• Dataset extract:
____________
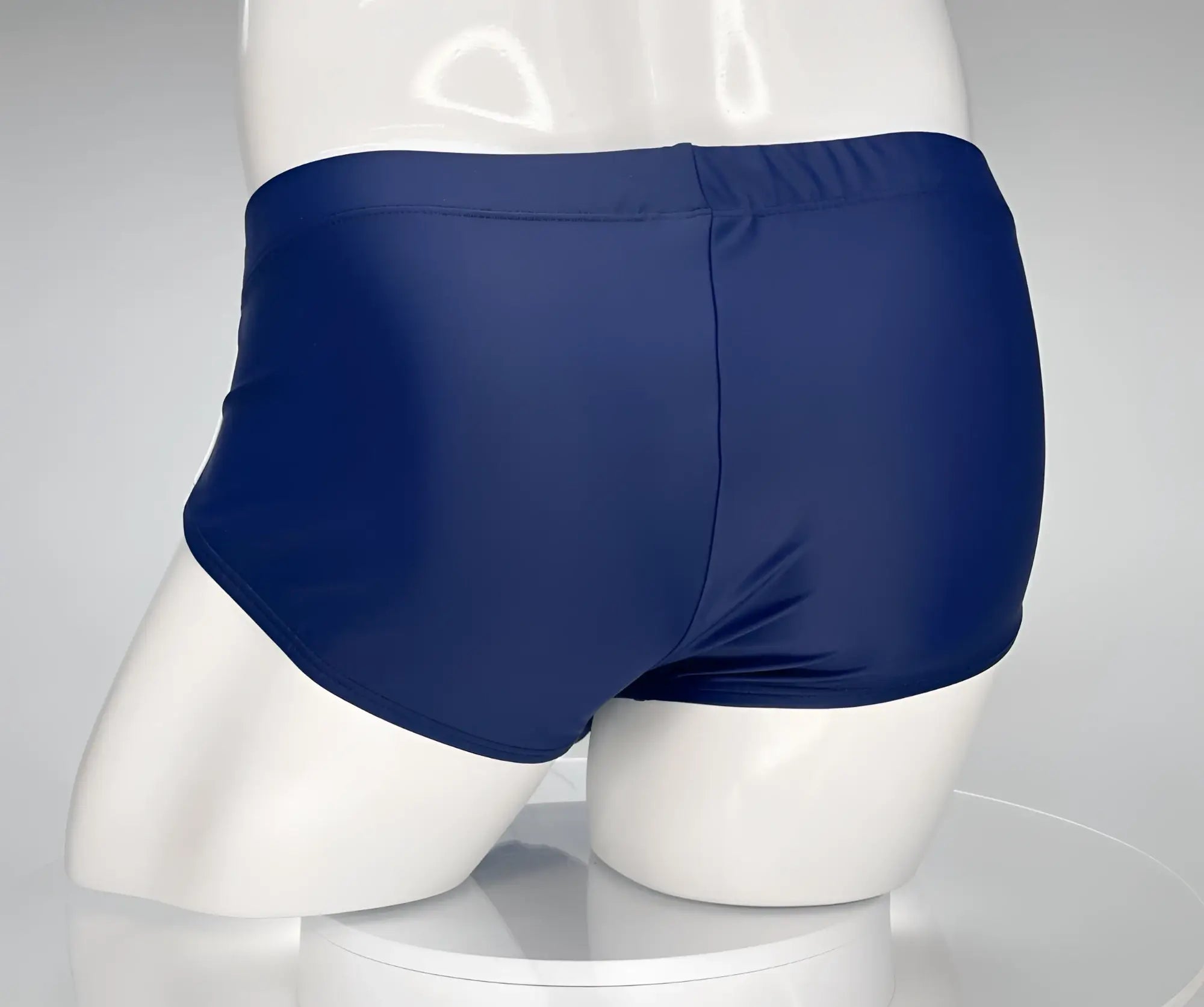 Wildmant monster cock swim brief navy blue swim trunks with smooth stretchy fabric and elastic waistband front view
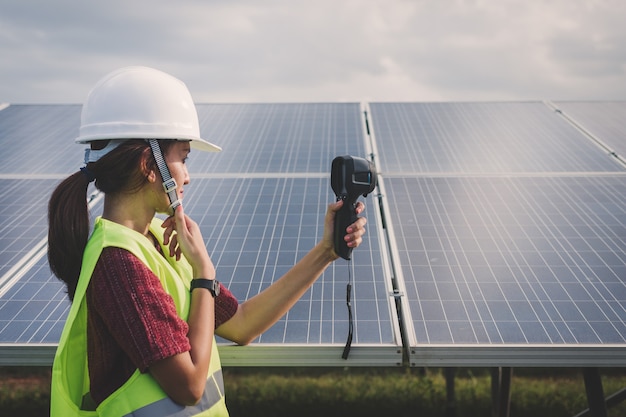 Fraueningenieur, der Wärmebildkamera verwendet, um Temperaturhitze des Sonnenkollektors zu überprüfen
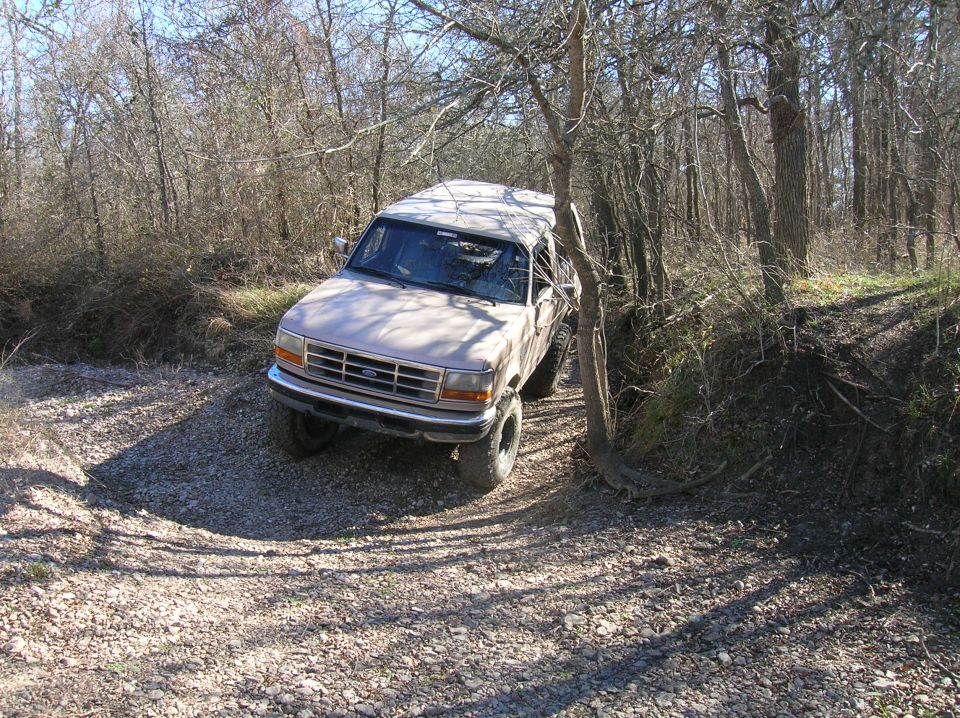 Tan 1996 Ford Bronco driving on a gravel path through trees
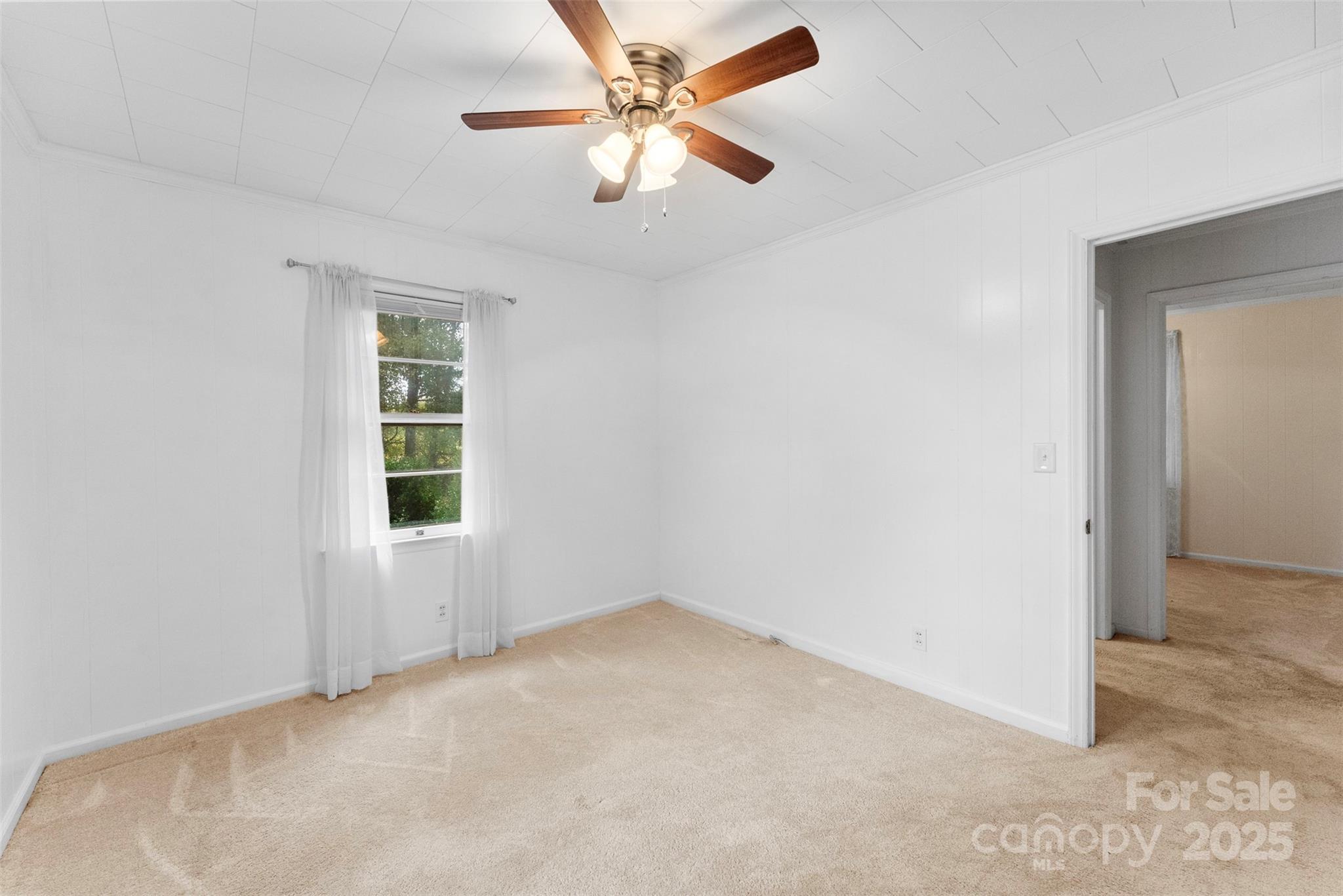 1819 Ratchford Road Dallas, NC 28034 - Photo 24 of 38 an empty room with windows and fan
____________
• Problem details:
Please repeat the data verbatim and leave the pictures out of your copy.

• Answer space:
 Wildmant monster cock swim brief navy blue swim trunks with smooth stretchy fabric and elastic waistband front view
 Fraueningenieur, der Wärmebildkamera verwendet, um Temperaturhitze des Sonnenkollektors zu überprüfen
 Tan 1996 Ford Bronco driving on a gravel path through trees
 1819 Ratchford Road Dallas, NC 28034 - Photo 24 of 38 an empty room with windows and fan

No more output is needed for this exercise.